Data block:
=== Begin Enclosure ===

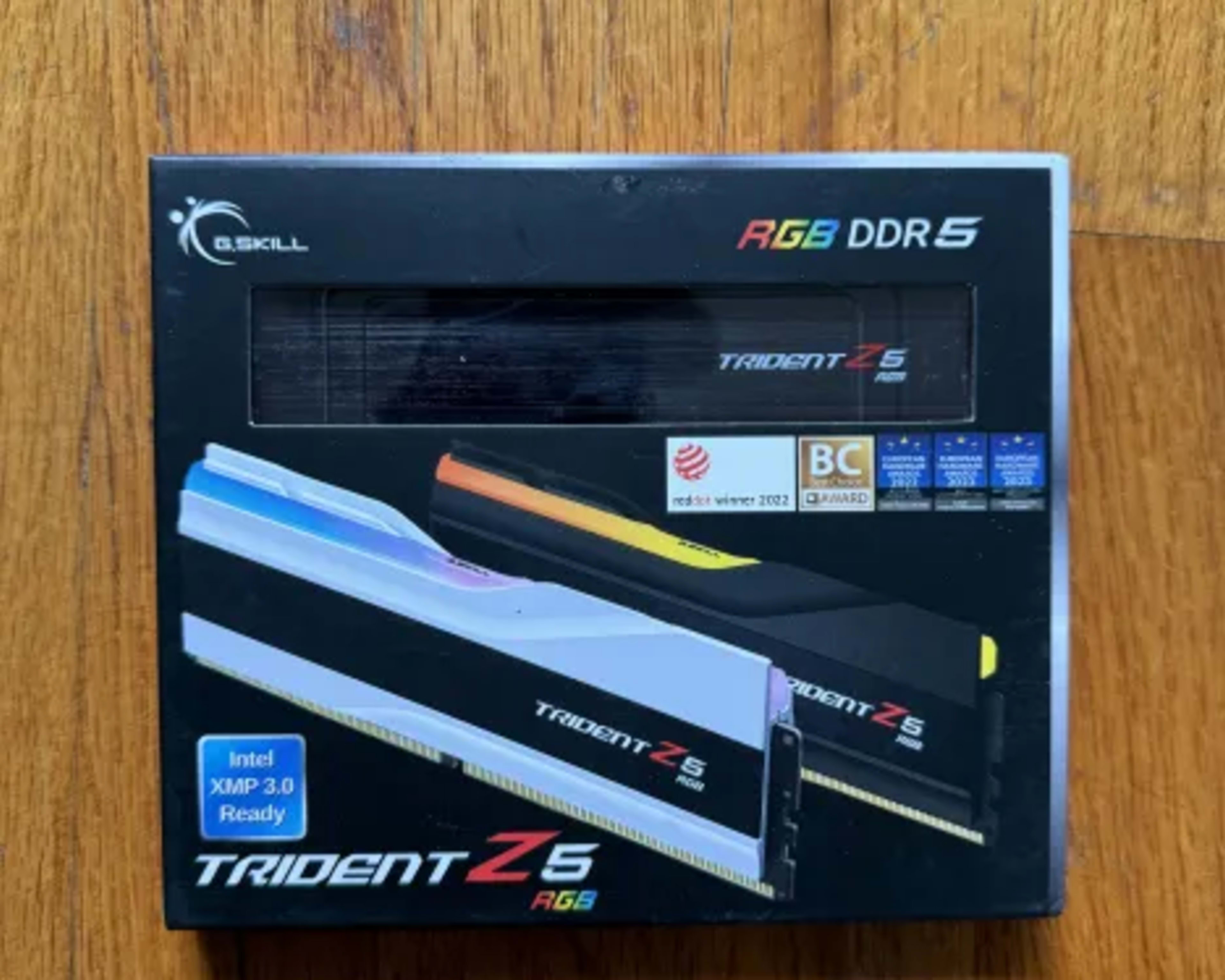 Brand New Gskill Trident z5rgb ddr5 6400 32x2 cl32 (64GB KIT)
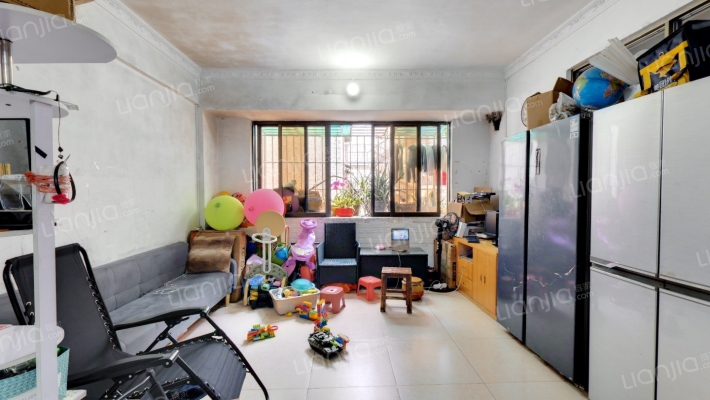 金榜豪苑二手房实景图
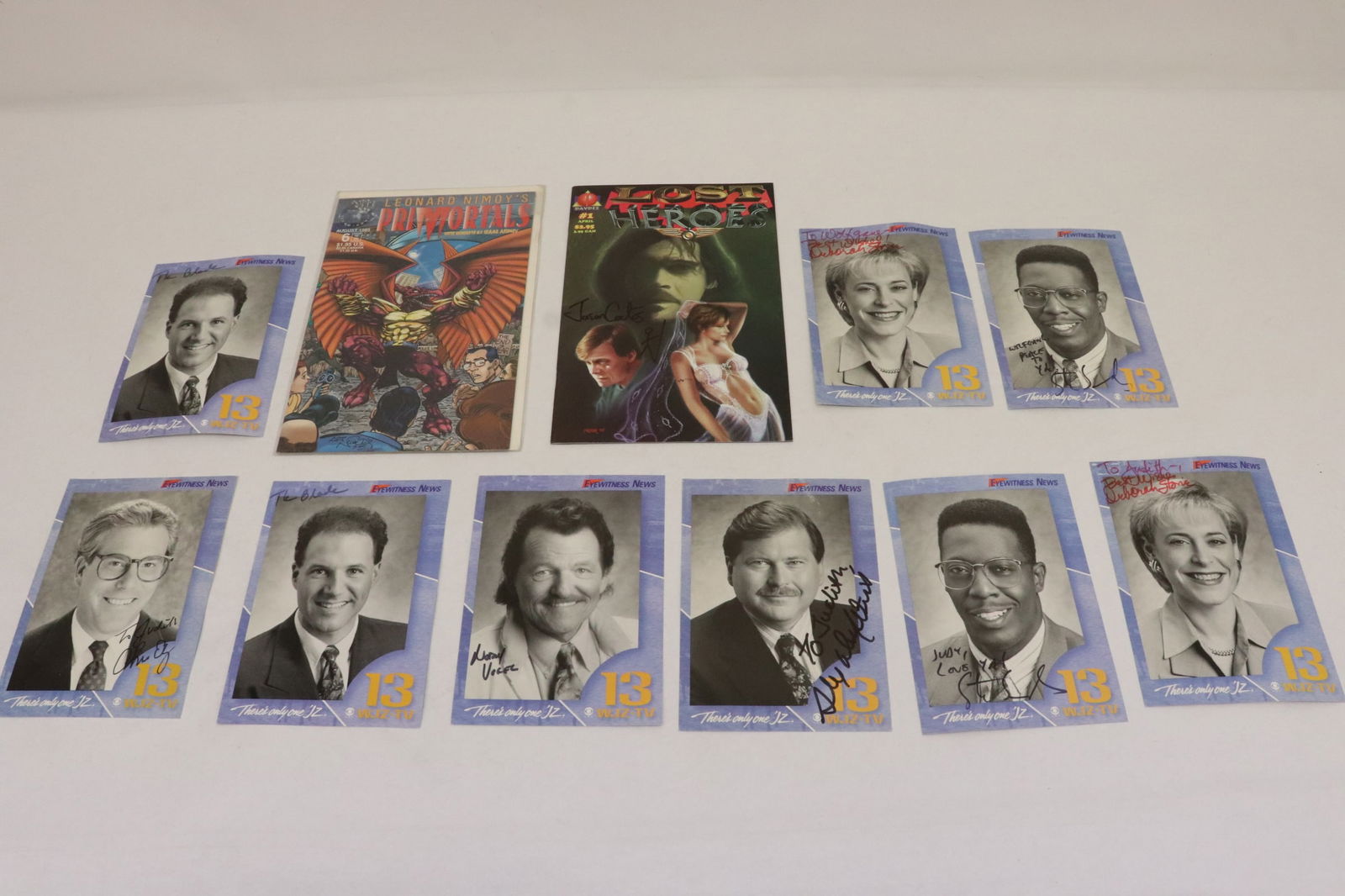 2 signed comic books, & 8 signed photos (1 of 9)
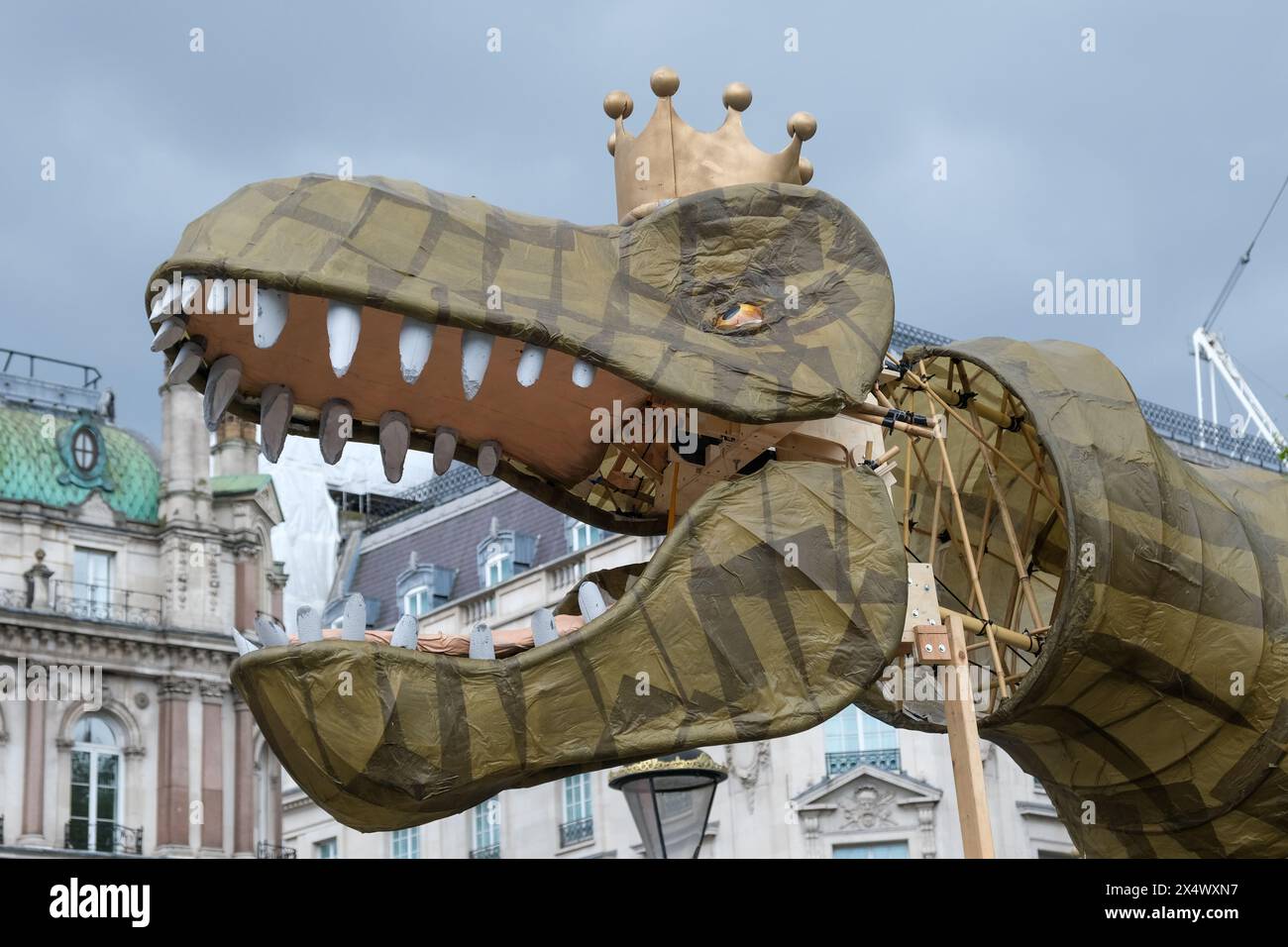Londres, Royaume-Uni, 5 mai 2024. Des militants du groupe de pression Republic ont marché avec un modèle géant de Tyrannasorus rex, nommé « Chuck the Rex », à Trafalgar Square, à la suite d'un rassemblement précédent appelant à un chef d'État élu et à l'abolition de la monarchie britannique. Le groupe suggère que le dinosaure portant la couronne est d'un autre âge et n'est pas compatible dans la société moderne. Demain marque le premier anniversaire du couronnement du roi Charles III avec le groupe nommant le 5 mai « jour de la République ». Crédit : onzième heure photographie/Alamy Live News Banque D'Images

=== End Enclosure ===

Task to carry out: Nothing should appear in the answer except the lines from the one containing "2 signed comic" through the last line of the listing, given again exactly and with no pictures.

Solution to the exercise:
 2 signed comic books, & 8 signed photos (1 of 9)
Londres, Royaume-Uni, 5 mai 2024. Des militants du groupe de pression Republic ont marché avec un modèle géant de Tyrannasorus rex, nommé « Chuck the Rex », à Trafalgar Square, à la suite d'un rassemblement précédent appelant à un chef d'État élu et à l'abolition de la monarchie britannique. Le groupe suggère que le dinosaure portant la couronne est d'un autre âge et n'est pas compatible dans la société moderne. Demain marque le premier anniversaire du couronnement du roi Charles III avec le groupe nommant le 5 mai « jour de la République ». Crédit : onzième heure photographie/Alamy Live News Banque D'Images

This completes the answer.